[MDEV-33208] InnoDB: Trying to access update undo rec field 50 in index `PRIMARY` of table NNN but index has only 14 fields Created: 2024-01-10  Updated: 2024-01-18

Status: Needs Feedback
Project: MariaDB Server
Component/s: Storage Engine - InnoDB
Affects Version/s: 10.11.6
Fix Version/s: None

Type: Bug Priority: Major
Reporter: Alex Assignee: Marko Mäkelä
Resolution: Unresolved Votes: 0
Labels: None
Environment:

Linux firefly 4.19.0-25-amd64 #1 SMP Debian 4.19.289-2 (2023-08-08) x86_64 GNU/Linux
10.11.6-MariaDB-1:10.11.6+maria~deb10-log


Issue Links:
Relates
relates to MDEV-33275 buf_flush_LRU(): mysql_mutex_assert_o... Closed

 Description   

Hit this error:

2024-01-09 20:15:31 0 [ERROR] InnoDB: Trying to access update undo rec field 50 in index `PRIMARY` of table `meshok`.`btc_invoice` but index has only 14 fields Submit a detailed bug report to https://jira.mariadb.org/. Run also CHECK TABLE `meshok`.`btc_invoice`. n_fields = 44, i = 0
240109 20:15:31 [ERROR] mysqld got signal 11 ;
Sorry, we probably made a mistake, and this is a bug.

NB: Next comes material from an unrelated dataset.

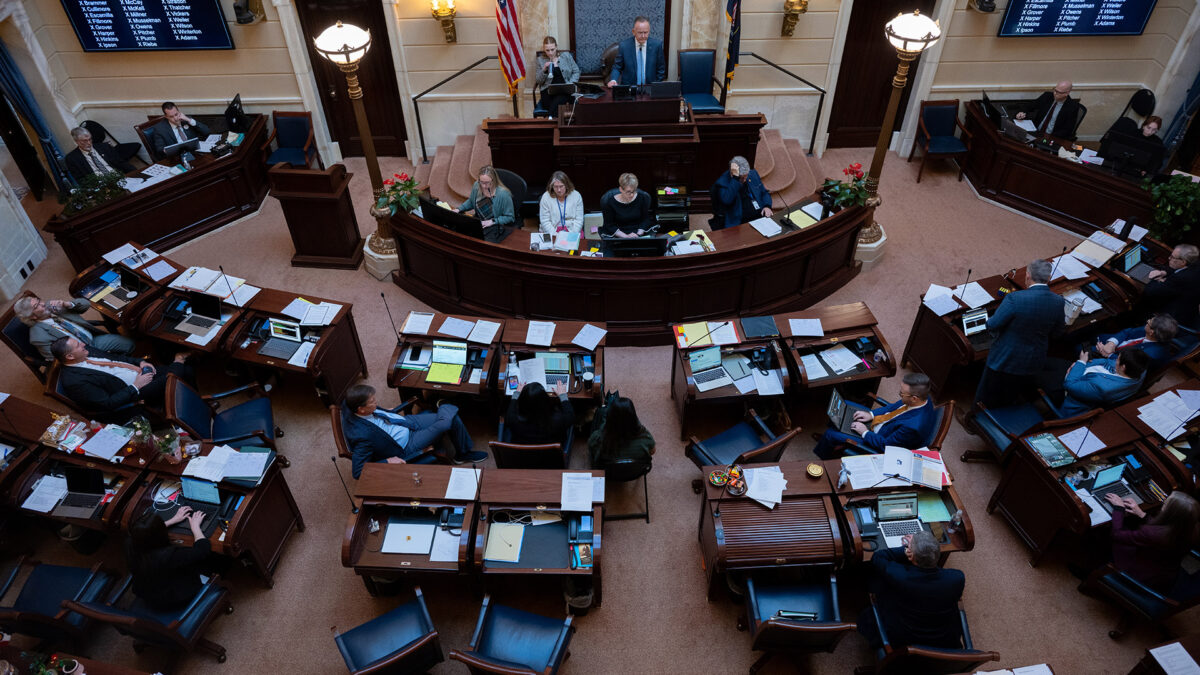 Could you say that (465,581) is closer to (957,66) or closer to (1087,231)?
(1087,231)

Your assistance in bug reporting will enable us to fix this for the next release.
To report this bug, see https://mariadb.com/kb/en/reporting-bugs

We will try our best to scrape up some info that will hopefully help
diagnose the problem, but since we have already crashed,
something is definitely wrong and this may fail.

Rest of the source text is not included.